27 Maret 2009

Kutu Loncat

SKETSA

Semarang, 26 Maret 2009
Kutu Loncat
Oleh Anindityo Wicaksono
(Sumber Gambar: http://www.richard-seaman.com)

PEMAHAMAN akan potensi diri ramai digadang-gadang penulis-penulis buku motivasi sebagai salah satu kunci kesuksesan. Dituliskan bahwa kita harus mengetahui kepribadian, minat, dan tingkat kemampuan diri sebelum melangkah memasuki gerbang kehidupan. Bagi mahasiswa, gerbang ini berujung pada realitas yang pelik: dunia kerja.

Pasalnya, dunia kerja adalah kompleksitas yang penuh dengan serba persoalan dan pergulatan. Setidaknya, dengan mengenali diri sendiri--bersamaan dengan pemahaman kemampuan diri--kita dapat memutuskan bidang apa yang menjadi panggilan kita untuk berkarya di kehidupan.

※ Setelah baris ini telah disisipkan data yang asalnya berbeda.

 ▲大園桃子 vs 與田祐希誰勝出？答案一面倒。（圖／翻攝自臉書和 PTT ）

Ada dua contoh cerita teman semasa kuliah saya dulu, Tunggul Joko (25) dan Surrahman (26). Keduanya pintar secara akademis. Mereka meraih gelar sarjana tepat waktu, empat tahun. Hal ini karena ketika kuliah, mereka memfokuskan diri pada kegiatan perkuliahan, tanpa komitmen berarti pada kegiatan-kegiatan ekstra kampus.

Hal ini berarti tak ada waktu di luar perkuliahan mereka yang hilang. Berbeda dengan para aktivis organisasi yang di luar serba tugas dan tuntutan kuliah, masih disibukkan dengan beragam kegiatan pada organisasi yang mereka ikuti.

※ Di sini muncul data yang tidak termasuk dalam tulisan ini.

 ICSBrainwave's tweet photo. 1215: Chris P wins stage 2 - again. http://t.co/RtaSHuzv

Joko, misalnya, saat di kampus dia memang pernah turut aktif dalam teater fakultas bersama saya. Namun, entah kenapa, baru sekitar empat bulan bergabung, tiba-tiba dia menghilang. Dia tak pernah lagi terlihat datang pada latihan-latihan selanjutnya.

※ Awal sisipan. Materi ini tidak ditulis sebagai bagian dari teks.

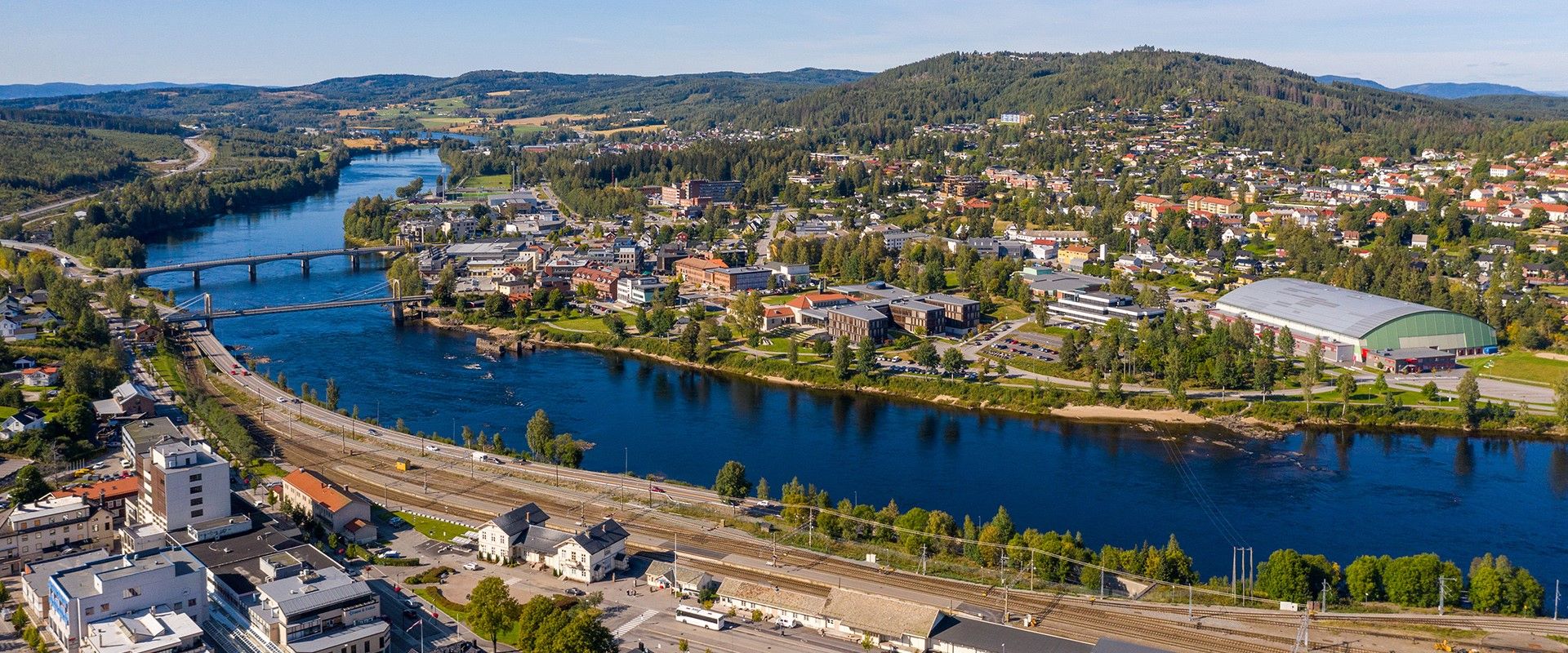 Bilde fra området rundt EiendomsMegler 1 Østlandet avd. Kongsvinger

Suatu ketika saya tanyakan perihal kepergiannya itu. Dengan enteng dijawabnya, "Ah, tidak ada apa-apa. Saya cuma bosan, Dit! Kegiatannya begitu-begitu saja."

Praktis sejak itu, semester tiga, tak ada satupun kegiatan ekstra kampus yang dia ikuti. Dia sempat bekerja menjadi reporter di Koran Sore Wawasan, Semarang. Namun itupun tak lama. Sekitar tiga bulan bekerja, dia keluar dengan alasan tak mampu mengatur waktu. Sejak itu, kerjanya ya cuma bangun-kuliah-pulang-tidur.

Ketika masuk dunia kerja, mulai terdengar betapa seringnya dia berganti-ganti pekerjaan. Setelah lulus, pemuda asal Cilacap yang selama dua semester pernah menimba ilmu di Fakultas Pertanian Universitas Jenderal Soedirman, Purwokerto, ini memulai karirnya dengan menjadi reporter di Harian Suara Pembaruan, Jakarta.

Namun baru dua bulan bekerja, dia keluar. Alasannya? Lagi-lagi bosan. "Setiap hari ada kebaktian untuk para pegawai beragama Nasrani," terangnya, entah serius apa tidak.

Setelah itu dia diterima bekerja di Harian Kontan, Jakarta. Gaji awalnya pun cukup besar untuk seorang bujangan, Rp2,5 juta. Namun baru-baru ini saya dikabari bahwa per Januari 2009 mendatang lagi-lagi dia mengundurkan diri. Alasannya? Ah, sudah tertebak, lagi-lagi bosan. Tak betah? Diiyakannya.

Gorontalo

Teman saya yang kedua, Surrahman, tak jauh berbeda. Rahman, begitu dia biasa dipanggil, langsung hijrah mengadu nasib ke Jakarta begitu lulus. Temanku yang lulus dengan predikat cumlaude ini istimewa. Dia mahasiswa paling kritis di angkatanku.

Selain aktif di lembaga mahasiswa dan acara-acara debat mahasiswa, putra Magelang ini pun giat menulis. Di tingkat akhirnya, dia menjadi salah satu wakil FISIP Universitas Diponegoro, Semarang, untuk turut dalam kegiatan studi banding mahasiswa Indonesia ke Filipina selama satu bulan.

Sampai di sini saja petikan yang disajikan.